What merchants need to know to comply with the new requirements

Mastercard has amended its merchant acquisition rules to place new requirements on recurring billing merchants who sell subscriptions for digital ‘goods.’  Some of the new notice requirements are effective March 22, 2022, while new disclosure requirements don’t go into effective until September 22, 2022. Here is a summary of the new requirements.

Disclosures

Ironically, although new notice requirements (which arguably take more back-end changes) are required as of March 22, 2022, disclosure requirements are not effective until September 22, 2022.

Thankfully, the disclosure requirements do not deviate much from other state requirements. Basically, the basic terms of the subscription “at the point of payment” must be clearly disclosed and capture the cardholder’s affirmative acceptance of the offer terms.

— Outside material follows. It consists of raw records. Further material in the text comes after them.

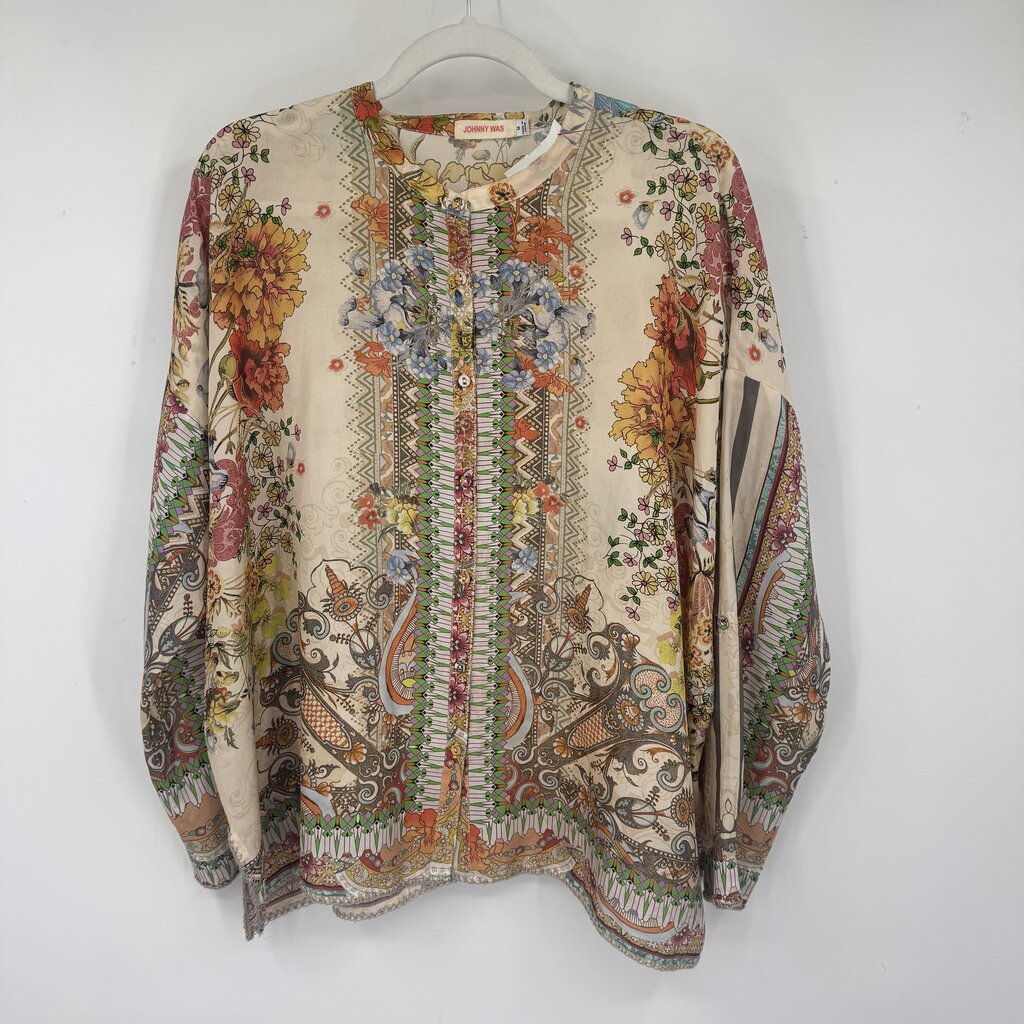 women Johnny Was Silk Floral Blouse Tan Orange Multi Woven Top M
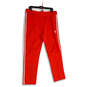 Mens Red Striped Elastic Waist Zip Pocket Pull-On Track Pants Size XL image number 1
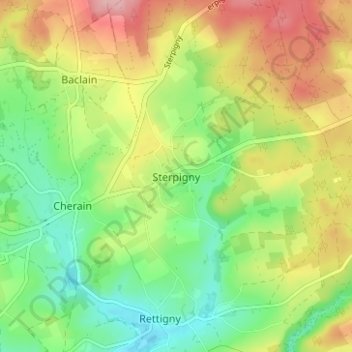 Mapa topográfico Sterpigny, altitud, relieve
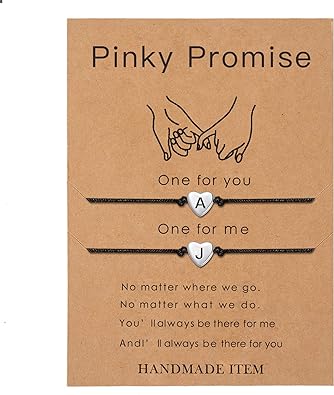 SANNYRA Pinky Promise Bracelets Friendship Couple Distance Matching Bracelet 26 Letters Alphabets Gifts for Her 2 Pieces，Valentine's Day Gifts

Image source: Bigstock Photos

Mastercard provided an example: “You will be billed USD 2.99 today for a 30-day trial. Once the trial ends, you will be billed USD 19.99 each month thereafter until you cancel.”

For e-commerce, the “point of payment” includes the screen where cardholders enter their card information and any screens that show a summary of the order (such as a shopping cart). Mastercard has explicitly articulated that providing this information behind a link (such as a terms and conditions page), or otherwise requiring the cardholder to expand a message box or scroll down the page to see the terms, will not suffice – but those prohibitions would not fall within the definitions of clear and conspicuous, so this is not new.

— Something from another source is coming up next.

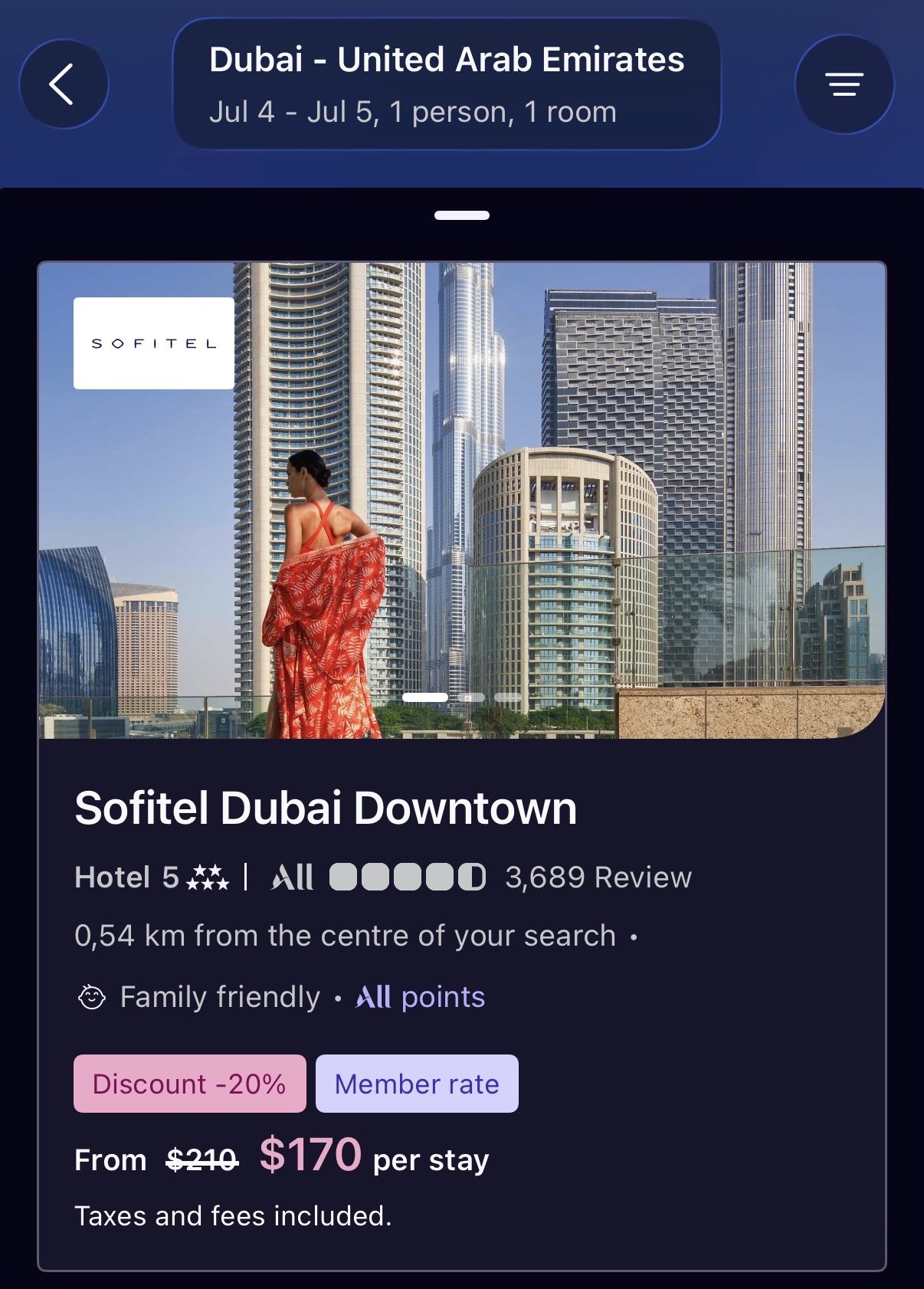 Sofitel Dubai Downtown property listing with ALL Accor+ Explorer member rate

Notice Requirements, effective March 22, 2022:

Order Confirmation. Merchants must send an electronic order confirmation at the time of enrollment in a subscription/recurring billing plan that provides the terms of the subscription, including the terms of a trial period (if any), and clear instructions about how to cancel the subscription. Although this will be a challenge for merchants who do not collect a consumer’s email address, this is not really new and conforms with order confirmations that I assume most of you already send out.

Notice Prior to End of Free Trial. If you offer a free or “low-cost” trial period of a “digital good” subscription for which the consumer will automatically be charged unless the subscription is cancelled before the end of the trial, you must now send the cardholder a notice between 3-7 days before the end of the trial with the basic terms of the subscription, informing of the upcoming charge, and instructions on how to cancel.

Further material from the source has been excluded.